Posted Oct 12, 2010 16:51 UTC (Tue) by paulj (subscriber, #341) [Link]

The suggestion was made in a reply to Lennart, fwiw. ;)

How did this guy test systemd exactly?

Posted Oct 12, 2010 18:35 UTC (Tue) by mezcalero (subscriber, #45103) [Link] (4 responses)

Well, thankfully new sockopts are only added every now and then to the kernel. I don't think we'll have a hard time keeping up with that.

Can you elaborate on which socket types and options you are missing in systemd right now?

How did this guy test systemd exactly?

Posted Oct 13, 2010 13:04 UTC (Wed) by paulj (subscriber, #341) [Link]

Raw sockets. + there are various socket options I need to have set on connectionless sockets (e.g. multicast memberships; various meta-data retrieval options which might need to be set before packet is put into the socket). Routing stuff tends to use a variety of far-out options (and new ones come along not too infrequently - e.g. GTSM). ;)

Further, if I can specify these things in code, rather than in a config file, then I can share that code between the "setup socket(s) for systemd" binary and the main body of code. Which would help reduce redundancy and hence mistakes.

I'd like to say "I'll send you a patch", but my TODO list is several kms long at this stage. :(

How did this guy test systemd exactly?

Posted Oct 13, 2010 13:12 UTC (Wed) by paulj (subscriber, #341) [Link] (2 responses)

Oh, some specific, potential candidates:

- raw sockets
- meta-stuff like IP_PKTINFO, SO_BINDTODEVICE
- multicast stuff, IP_MULTICAST_LOOP, IP_ADD_MEMBERSHIP, IP_MULTICAST_TTL

To be clear, I think it'd probably be ungood for systemd to try explicitly support every possible socket type and option that services might want to use. ;) I'd prefer a coded offload mechanism.

How did this guy test systemd exactly?

Posted Oct 13, 2010 15:06 UTC (Wed) by mezcalero (subscriber, #45103) [Link] (1 responses)

SO_BINDTODEVICE we actually support (and actually in a pretty nice way, so that implicit deps on the network device are created, so that this actually works race-freely).

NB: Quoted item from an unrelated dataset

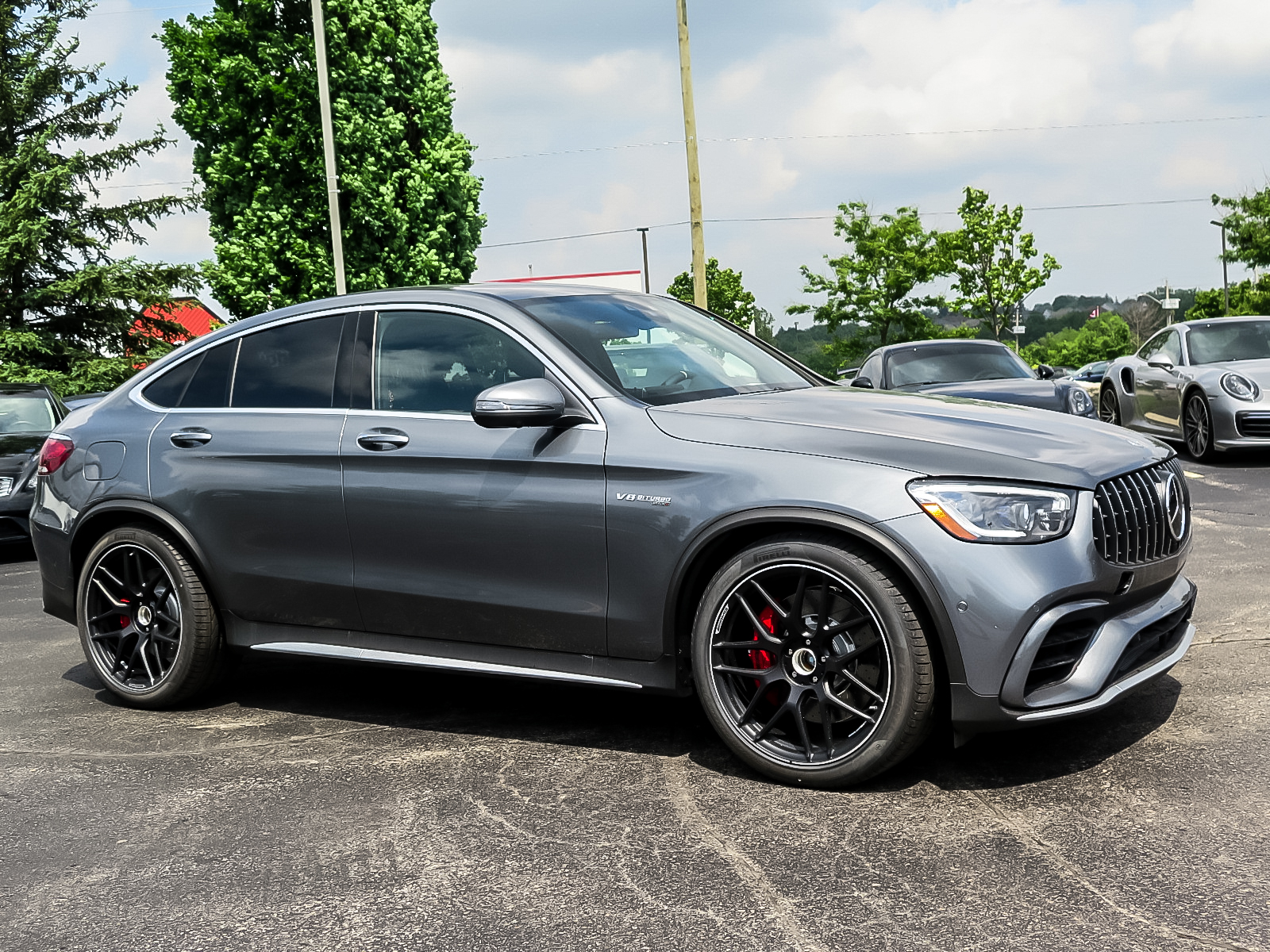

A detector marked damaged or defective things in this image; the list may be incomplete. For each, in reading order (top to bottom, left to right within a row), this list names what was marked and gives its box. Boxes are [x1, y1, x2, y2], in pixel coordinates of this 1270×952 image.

parking lot crack [965, 787, 1257, 952]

By "raw" sockets you mean raw IP sockets? Raw IP sockets usually also mean installation of a BSD socket filter, and I am not sure I want to include something like that in systemd.

AFAIK IP_PKTINFO is something that can be set when the app first takes possession of the socket. There's no need to set it before listening.

Apple's launchd has multicast support. I'd be willing to add that to systemd too, but I wanted to wait for a real-life usecase. Avahi (which I maintain) is probably the heaviest user of mcast on default Linux installations right now, and I don't think for Avahi it would make sense to have this.

How did this guy test systemd exactly?

Posted Oct 13, 2010 16:02 UTC (Wed) by paulj (subscriber, #341) [Link]

You can bind raw sockets to a specific IP protocol, and/or multicast groups. So you don't need a BPF filter per se. I'd have to read the kernel code for PKTINFO, but it wouldn't surprise me if the kernel marshalled the ancillary meta-data for the packet at the point of copying it into the socket buffer - and that it might not be available if you set PKTINFO later. I don't know though, havn't checked. ;)

Anyway, the point is, we shouldn't need this conversation - it'd be nice if apps could take care of the weirder stuff themselves by supplying their own binary to do the setup. ;)

Use cases: certain link-info and routing protocols. E.g. imagine you plug into a network that sends default route info via some routing protocol. Rare case, but imagine if systemd could auto-launch the right daemon.. Link-info protocols can clues about location and the like.

How did this guy test systemd exactly?

Posted Oct 12, 2010 18:32 UTC (Tue) by mezcalero (subscriber, #45103) [Link]

If other packages want their software supervised by systemd they can just drop static service files into /lib/systemd/system and/or dynamic service files into /etc/systemd/system. And then they can tell systemd to start/stop/whatever the service as they wish via simple D-Bus calls.

I'd rather wait for those "oddball" services to show up and become a problem before I'd think of shifting socket creation into any external binaries.

So far we didn't have any problems with the current listening code, and Apple built an entire OS on this idea, so I think unless somebody shows me a real-life problem with this i rather not spend too much time thinking about non-existing problems.